À propos de la Répétition générale. — Comment le Maître a composé son Œuvre. Les Magnificences de la Mise en scène.

Rue de Vaugirard, 48, en face du musée du Luxembourg, au premier étage, c’est là que demeure M. Massenet, l’illustre auteur de Manon, de Werther, de Thaïs, du Cid et de cette Ariane dont l’Académie nationale de musique a donné hier la répétition générale.

Il est neuf heures à peine quand je sonne à la porte, mais à cette heure matinale le maître, habitué à travailler quinze ou seize heures par jour, est depuis longtemps à l’ouvrage.

Le domestique qui me reçoit sourit en regardant la carte que je lui tends et me dit avec un ton d’aimable protection :

« Le Petit Parisien ! c’est notre journal depuis quinze ans ! Monsieur vous attend. »

Et il m’introduit dans le salon, dont les deux grandes fenêtres donnent sur les arbres du Luxembourg et dont les murs disparaissent sous les cadres précieux, où des estampes merveilleuses du dix-huitième siècle voisinent avec un croquis de Detaille, dessiné pendant une séance de l’Institut et représentant le Frère de Manon.

M. Massenet vient à moi, la main cordialement tendue : il est vêtu de sa longue robe de laine rouge qui lui donne des aspects d’Éminence, et il est coiffé d’une petite calotte noire d’où s’échappent les longues mèches de cheveux auxquelles le temps a donné des reflets d’argent.

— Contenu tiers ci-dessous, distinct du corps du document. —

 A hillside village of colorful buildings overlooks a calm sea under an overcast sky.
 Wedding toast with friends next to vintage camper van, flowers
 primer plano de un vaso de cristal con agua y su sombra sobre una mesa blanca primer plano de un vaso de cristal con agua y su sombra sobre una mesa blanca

— Je suis depuis de longues années, me dit-il, un lecteur fidèle du Petit Parisien. Que puis-je faire pour lui ?

La Genèse d’un Opéra

— Mais, cher maître, il voudrait recevoir vos confidences sur votre œuvre, savoir comment elle est née, comment elle a été écrite…

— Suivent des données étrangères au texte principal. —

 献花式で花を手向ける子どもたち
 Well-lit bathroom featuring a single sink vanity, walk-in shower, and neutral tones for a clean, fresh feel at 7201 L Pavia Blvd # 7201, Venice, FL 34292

— Simplement ! Hé bien, j’ai fait comme pour tous mes autres opéras. Je commence par collaborer très sérieusement avec le librettiste, je discute minutieusement le plan, les développements, les moindres détails de chaque scène. Avec Catulle Mendès, je n’ai pas eu la moindre difficulté, car il a un tel sentiment lyrique que je n’ai pas eu la plus petite modification à lui demander. Mais vous sentez bien qu’il n’en est pas souvent ainsi, plus d’une fois j’ai eu sujet de discuter et vous savez comme on s’énerve en pareil cas, parfois il me serait arrivé de me mettre en colère si je ne m’étais rappelé le mot charmant de mon éditeur : « Vous ne pouvez donc pas vous mettre en colère tranquillement ? »

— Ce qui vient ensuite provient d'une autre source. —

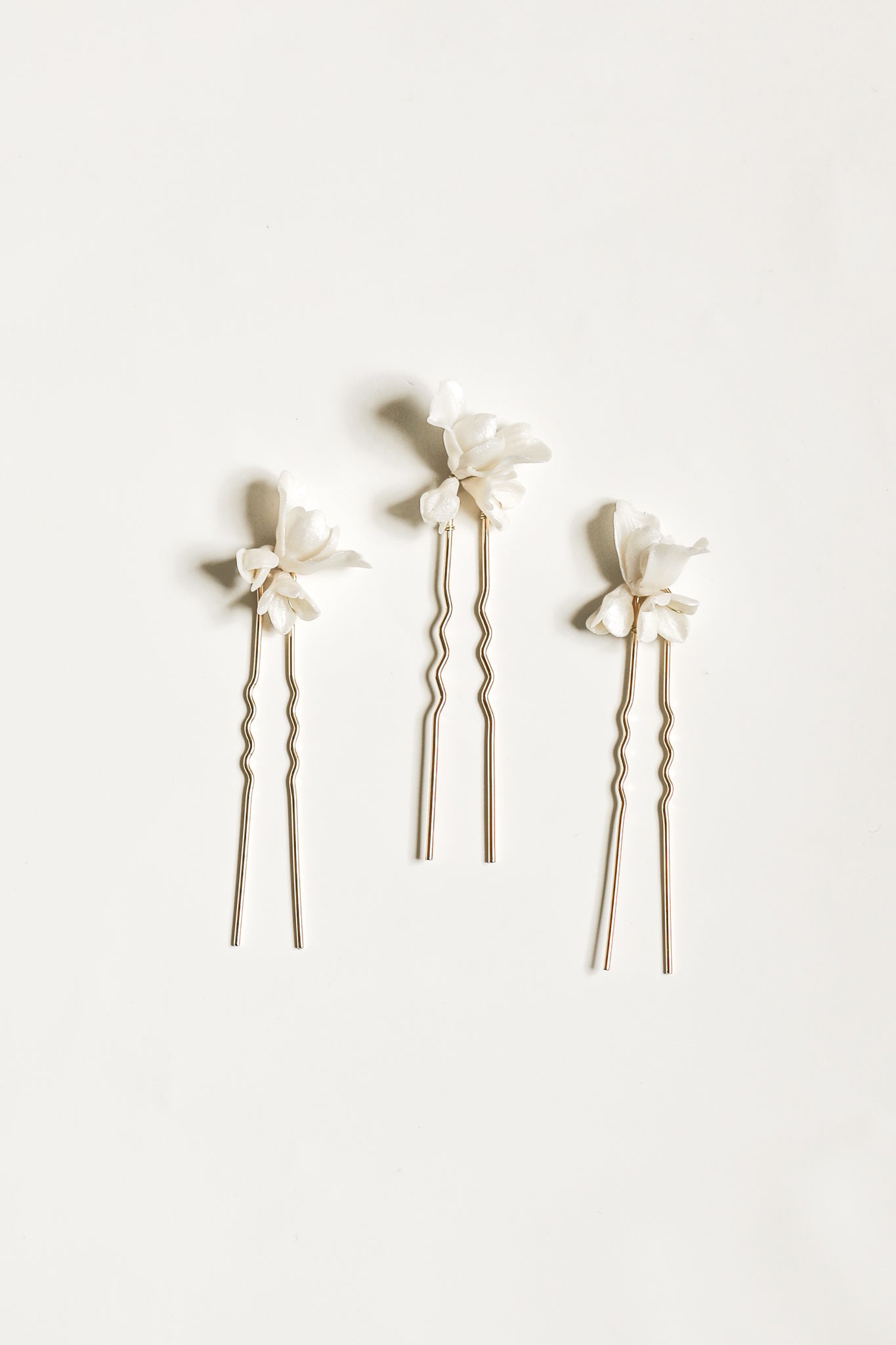 Flat photo of the Blossom hairpin trio by AB Ellie on white background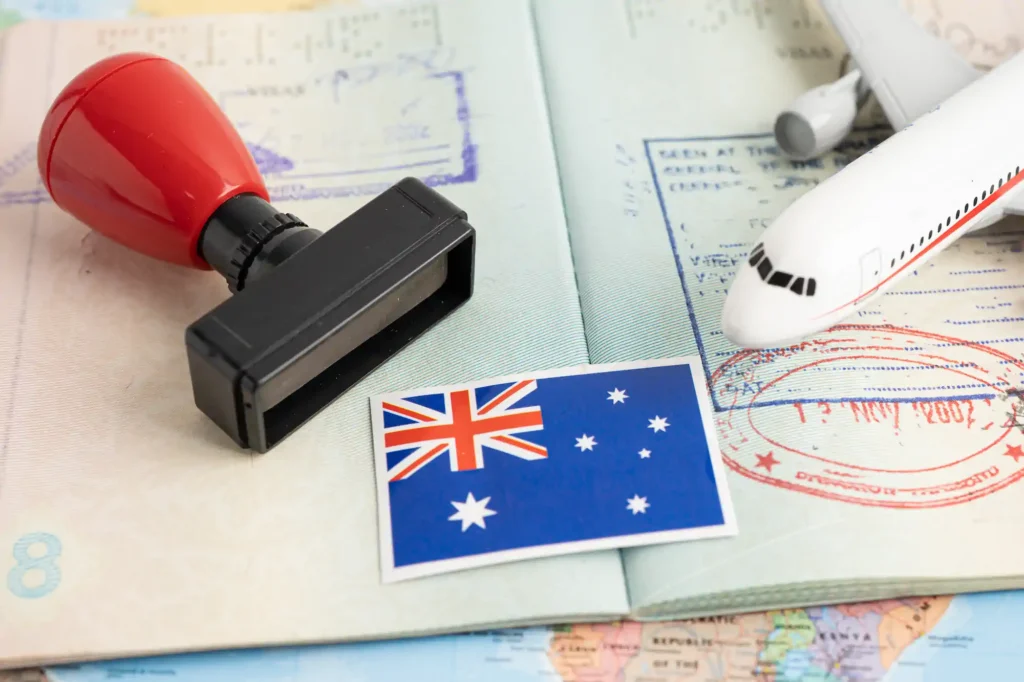 Pasaporte con sello, avión y bandera de Australia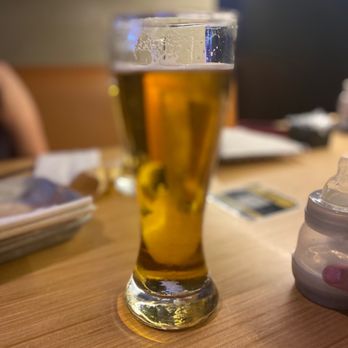 Buffalo Wild Wings - a glass of beer on a table - Chicken Wings Near Me - Killeen, Texas Buffalo Wild Wings - a glass of beer on a table - Chicken Wings Near Me - Killeen, Texas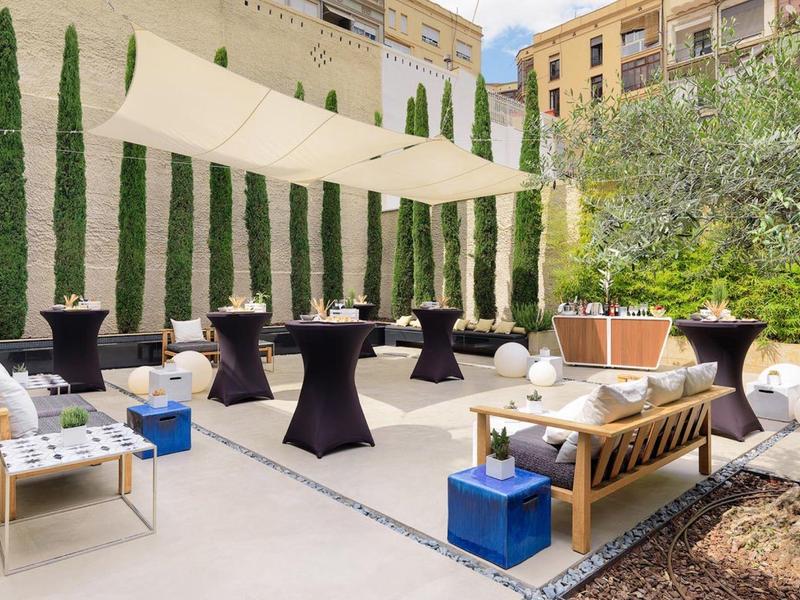 Modern outdoor area with seating and sun sails by a tall wall with cypress trees.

Une fois le scénario bien établi, je ne demande plus aucun changement à mon collaborateur, plus de béquets, plus de corrections, il n’a plus qu’à se reposer et je commence ma besogne.

Je compose toute ma musique dans ma tête, je ne me sers jamais de piano, j’entends mon œuvre intérieurement et, cependant, il me serait impossible de la jouer, puisque je la compose d’abord pour l’orchestre. C’est seulement lorsqu’elle est entièrement conçue que je me mets à l’écrire.

— Et vous vous souvenez de toute l’œuvre ainsi ?

— Mais certainement : bien des poètes à commencer par Racine, et de nos jours Coppée, ont composé leurs œuvres dans leur tête avant de les jeter sur le papier ; il n’est pas étonnant que j’en fasse autant.

C’est ainsi qu’est née Ariane : j’y ai travaillé sans répit pendant trois ans et demi de 1901 à 1904, mais je l’ai écrite tout entière pendant les quatorze derniers mois de cette période.

Quatorze mois pour orchestrer un opéra, c’est peut-être beaucoup, mais aussi je ne fais pas une rature. Voyez.

Et le maître me conduit à la petite bibliothèque où sont réunis les manuscrits originaux de toutes ses œuvres : il ouvre les grands volumes au hasard ; voici le Cid, voici Manon, voici le deuxième acte de Werther où je lis cette note : « Commencé le 28 avril 1887, achevé le 26 mai 1887 » et un peu au-dessous : « J’ai terminé cet acte la nuit même de l’incendie de l’Opéra-Comique ».

Et, partout, c’est la même écriture d’une admirable régularité, où toutes les notes, tous les mouvements, toutes les indications de scène sont calligraphiés sans une hésitation, sans une correction, comme une copie faite par un employé soigneux.

Concours dévoués

Mais nous revenons à Ariane ; et maintenant le compositeur s’exprime avec une tendre émotion, comme un père qui parlerait d’un enfant longtemps choyé qui s’apprêterait à le quitter pour faire son entrée dans le monde.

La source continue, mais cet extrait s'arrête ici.